# What to work on:
Reproduce exactly the line with "смартфон Huawei Ascend P2" and every line that follows it below, up to and including the last one. Do not include pictures or anything else.

# Given records:
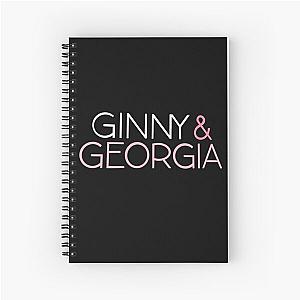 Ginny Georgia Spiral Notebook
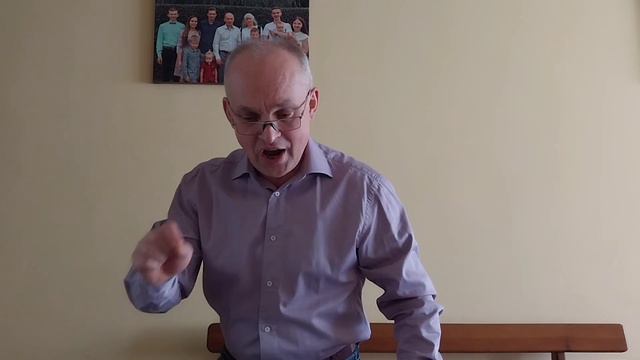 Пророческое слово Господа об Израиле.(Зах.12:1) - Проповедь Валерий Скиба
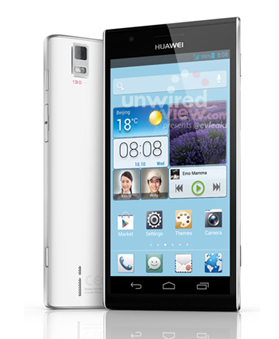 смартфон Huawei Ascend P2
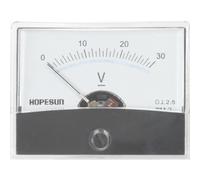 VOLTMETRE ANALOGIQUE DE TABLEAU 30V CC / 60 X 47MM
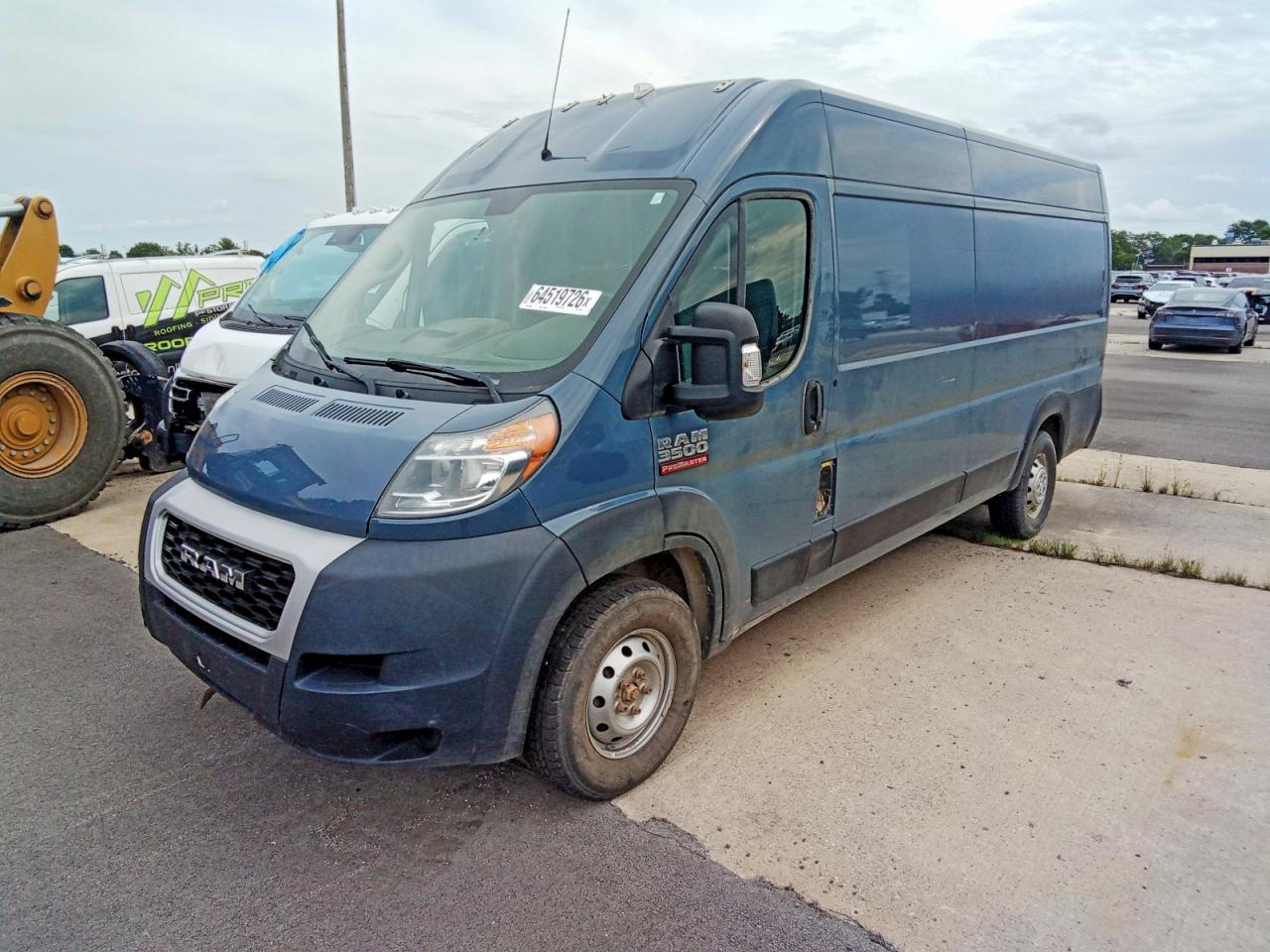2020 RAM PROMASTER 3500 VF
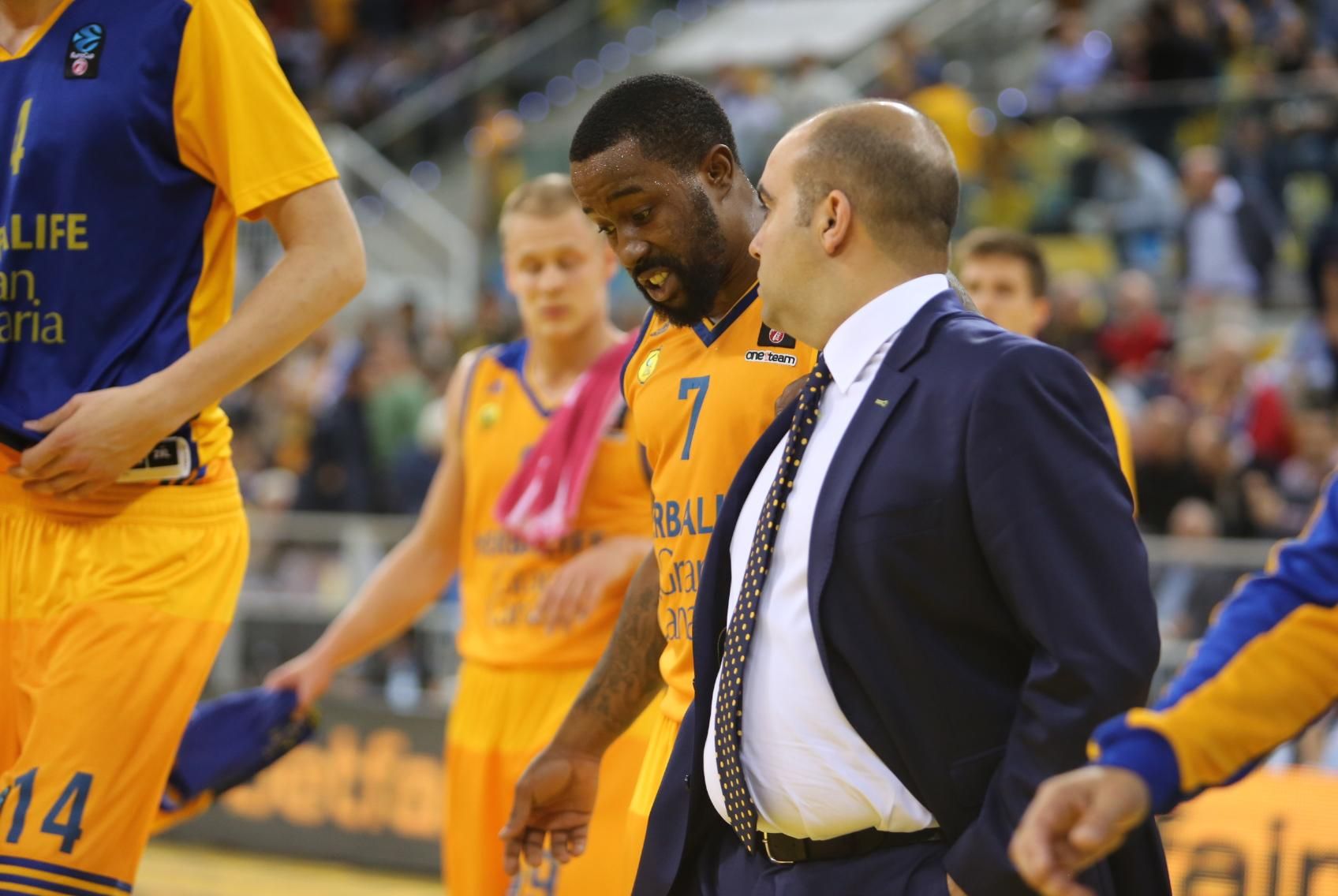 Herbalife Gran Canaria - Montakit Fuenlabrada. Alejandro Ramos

# Your response:
 смартфон Huawei Ascend P2
 VOLTMETRE ANALOGIQUE DE TABLEAU 30V CC / 60 X 47MM
2020 RAM PROMASTER 3500 VF
 Herbalife Gran Canaria - Montakit Fuenlabrada. Alejandro Ramos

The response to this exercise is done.